Why are you doing this, Complete Priest's Handbook, especially when you already established that the followers a priest got depended on the player's preferences, the circumstances surrounding their stronghold, and what made sense for the game? The book is only 128 pages. Why waste two paragraphs per entry making the game less flexible? You surely weren't in need of extra padding.
(Then again . . . Lightning AND Thunder . . . maybe ideas were running low)
Nonetheless, I guess there might be some utility here. It's a ready-made guide that allows players to jump into any of a number of fantasy religions without anything being more than incidentally unbalanced (as opposed to letting the player deliberately game the system by choosing the right combination of abilities a la carte).

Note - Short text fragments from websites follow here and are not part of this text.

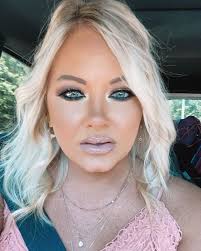 Hillary Davis (@hillary_elyse) • Instagram photos and videos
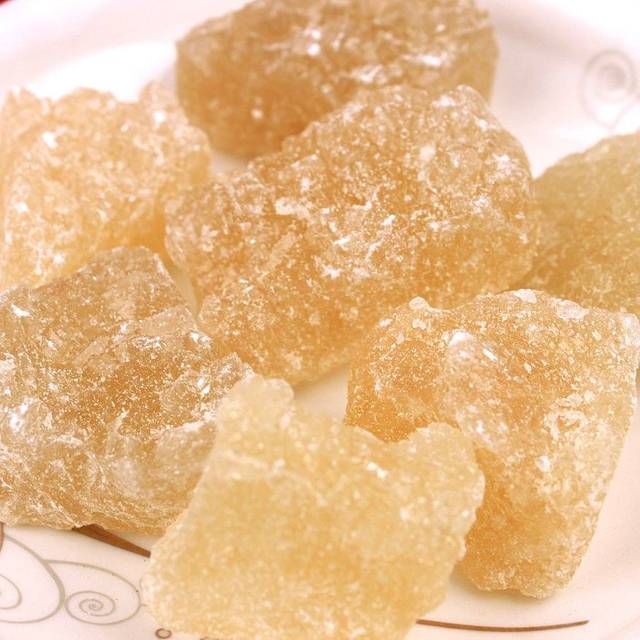 “冰糖”选白色小块好,还是黄色大块好里边的棉线到底能吃吗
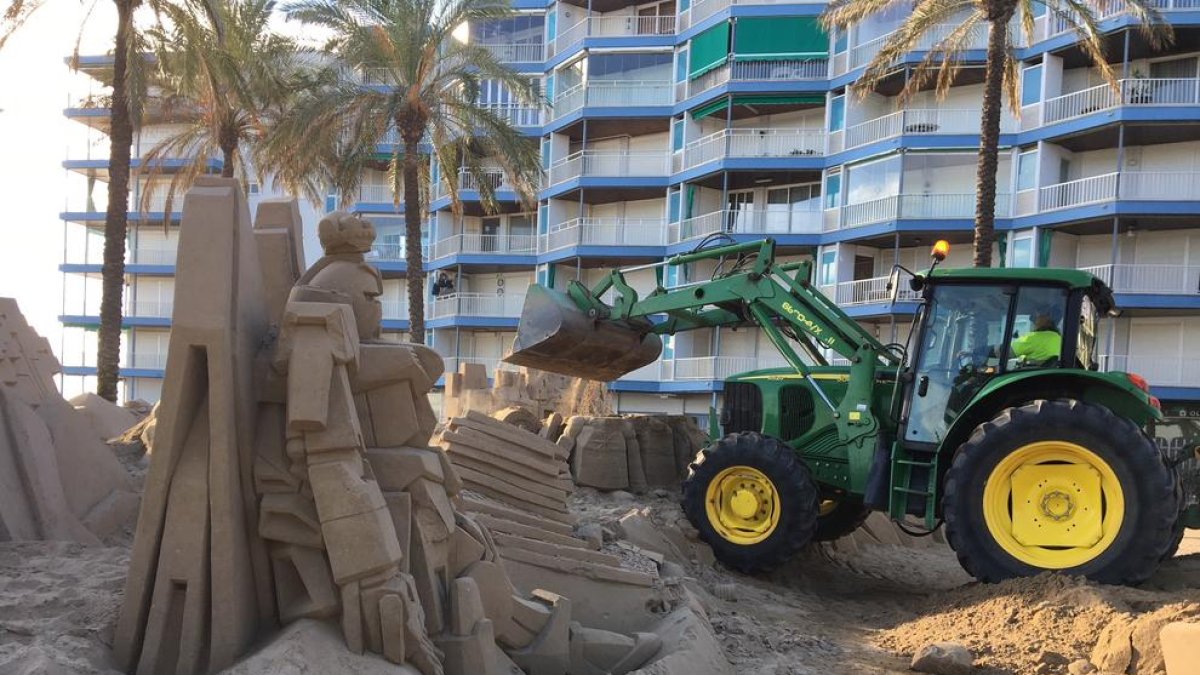 El pessebre de sorra de la Pineda ja és història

And the surrounding advice about creating a religion and working out a priest's role in the campaign world was . . . okay. It lacked anthropological insight and seemed, at times, to draw too heavily on medieval Catholicism, but if you're starting from square one, it's a decent enough place to start.
The only thing left worth mentioning is that this book has all the same gender and racial problems as The Complete Fighter's Handbook, but that's not a surprise since it's the exact same author. A lot of the kits are one-to-one correspondences with the Fighter kits (such as Amazon Priestess, Barbarian Priest, Outlaw Priest, Noble Priest, Peasant Priest and, sigh, Savage Priest) and the Amazon has the exact same baffling "men underestimate me" weakness. The Savage Priest is . . . slightly less racist, possibly because being in touch with mystical forces and cleaving to an otherworldly morality is what Priests are supposed to do anyway.
I'm convinced the author meant well, but missed the execution. In the section with the Specialty Priest builds, gods would fall into one of four categories - usually male, either male or female, usually female or . . . always male. (To be fair, there is also exactly one "always female" god - the goddess of wisdom, but it certainly didn't fit a trend). I couldn't begin to tell you the logic of how these work, but for this enlightened 21st century reviewer, they seemed to be mostly arbitrary, with just a bit of gender essentialism put in ("The strength-god is male." Okay, tough guy, whatever you say.)
The funny thing about this series so far is that I have such positive memories of the red books as a group. That's why I went through so much effort to get a nearly complete set (that damned $35 Complete Barbarian's Handbook) But to varying degrees they've all been disappointments so far. Not entirely useless, but not the indispensable game-changing reference guides I've been remembering. I guess it's true that you can't go home again.
UKSS Contribution: There are a few cute details in this book. Like the suggestion that priests of the God of Metalwork oversee the minting of coins. Or that priests of ELEMENTAL FORCE have a duty to officiate weddings. But I'm going to go with something brought up in a discussion of how Priests might have to participate in holidays and festivals - Vine Day.
Vine Day is scheduled after the last of the grape harvest comes in and is a celebration of all things wine. It's basically fantasy Mardi Gras. Since Mardi Gras itself has a lot of gaming potential, I figure off-brand knock-off Mardi Gras should be almost as good.